When the scientists infected human liver cells grown in a test tube with these pseudoviruses the data was clear – a number of genetic changes that occurred during the outbreak increased infectivity.
“When I saw the first set of data the trend was so clear you didn’t really need to do any stats to see the effect the changes were having – without doubt many of the genetic changes were increasing infectivity in human cells,” Dr Urbanowicz said. The effects were not restricted to liver cells – similar trends were also seen for human cells derived from lung.
One change in particular, a substitution of an amino acid that is involved in receptor binding, was particularly striking: not simply because it dramatically increased infectivity, but also because it was present in viruses that dominated the West African outbreak.
The studies threw up one more twist. Mutations that increased infectivity in human cells seemed to reduce the ability of the protein to mediate entry into cells obtained from fruit bat cells, which are thought to be the natural host for Ebola virus.
The unprecedented number of human to human transmissions that occurred during the recent Ebola virus outbreak gave the virus an opportunity to become adapted to humans and the study’s data suggests that this was an opportunity the virus didn’t miss.

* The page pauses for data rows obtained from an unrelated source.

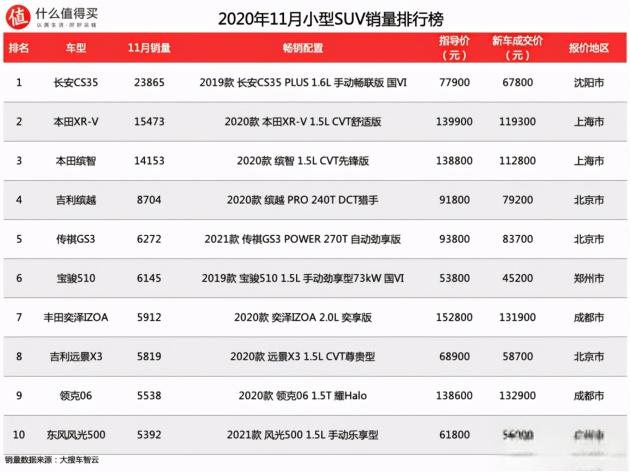 车榜单：2020年11月SUV销量排行榜，奇瑞瑞虎8一鸣惊人-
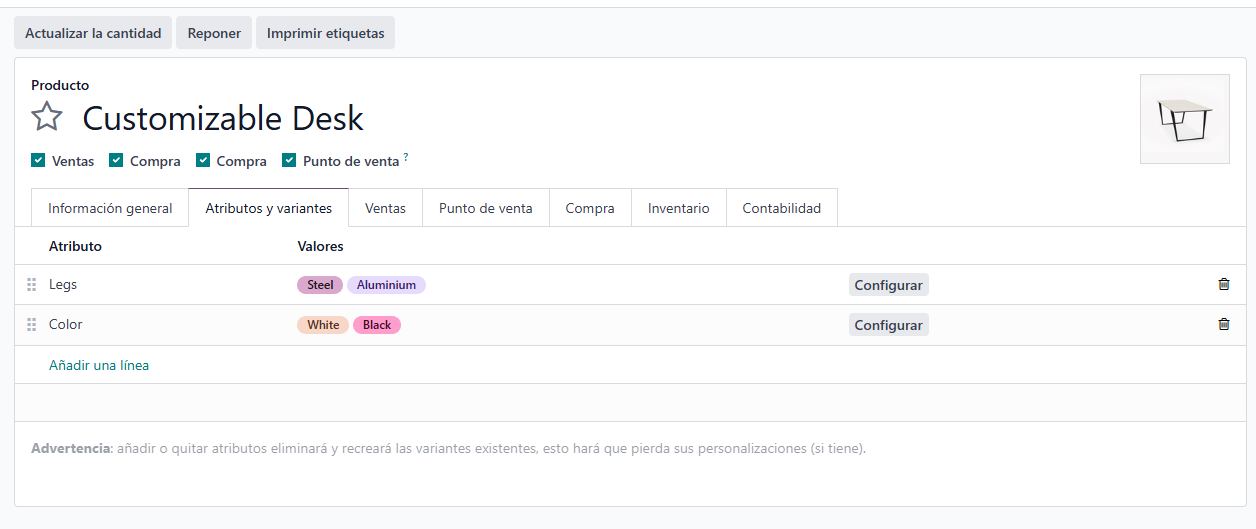 variantes de productos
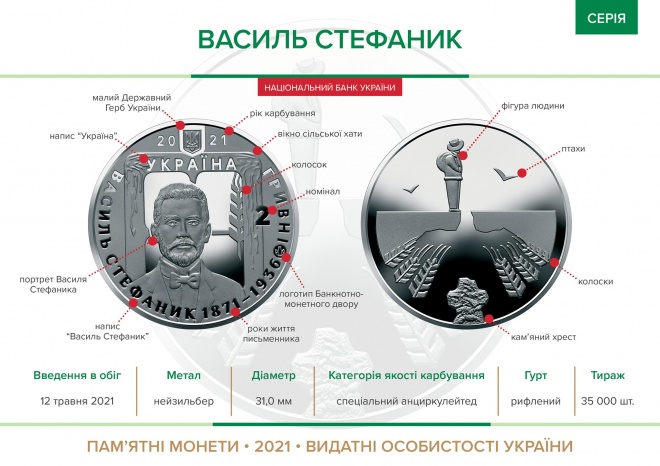 Нацбанк выпустил монету "Василий Стефаник" - фото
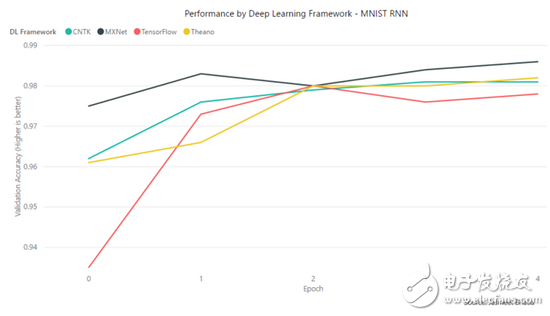 TensorFlow、MXNet、CNTK、Theano四個框架對比分析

It’s not known for sure whether these changes affected the virus’s ability to transmit during the outbreak or were associated with more severe disease – further studies will be needed to try to determine that – but Prof Ball does think that the study has wider implications: “I think our study reminds us that if you take a virus and allow it to infect a new host for a considerable amount of time, eventually it may acquire a set of mutations that will benefit it, either increasing its ability to spread or changing the disease that it causes. In order to be prepared we need to know whether similar things are occurring in other outbreaks such as the ongoing Zika and MERS-coronavirus epidemics.”
The study involved a number of international collaborators including the NIHR Nottingham Digestive Diseases Biomedical Research Unit at The University of Nottingham; Institut Pasteur and CNRS in France; Institut Pasteur de Dakar in Senegal; Special Pathogens Program, National Microbiology Laboratory, Public Health Agency of Canada; Department of Medical Microbiology, Faculty of Medicine, University of Manitoba; Institute of Virology, University of Bonn Medical Center, Bonn, Germany; Marie Bashir Institute for Infectious Diseases and Biosecurity at The University of Sydney; Institut Pasteur, Département de Virologie, Unité de Virologie Structurale and CNRS UMR 3569 Virologie.
Funders for the research included the Medical Research Council and the Biotechnology and Biological Sciences Research Council (BBSRC).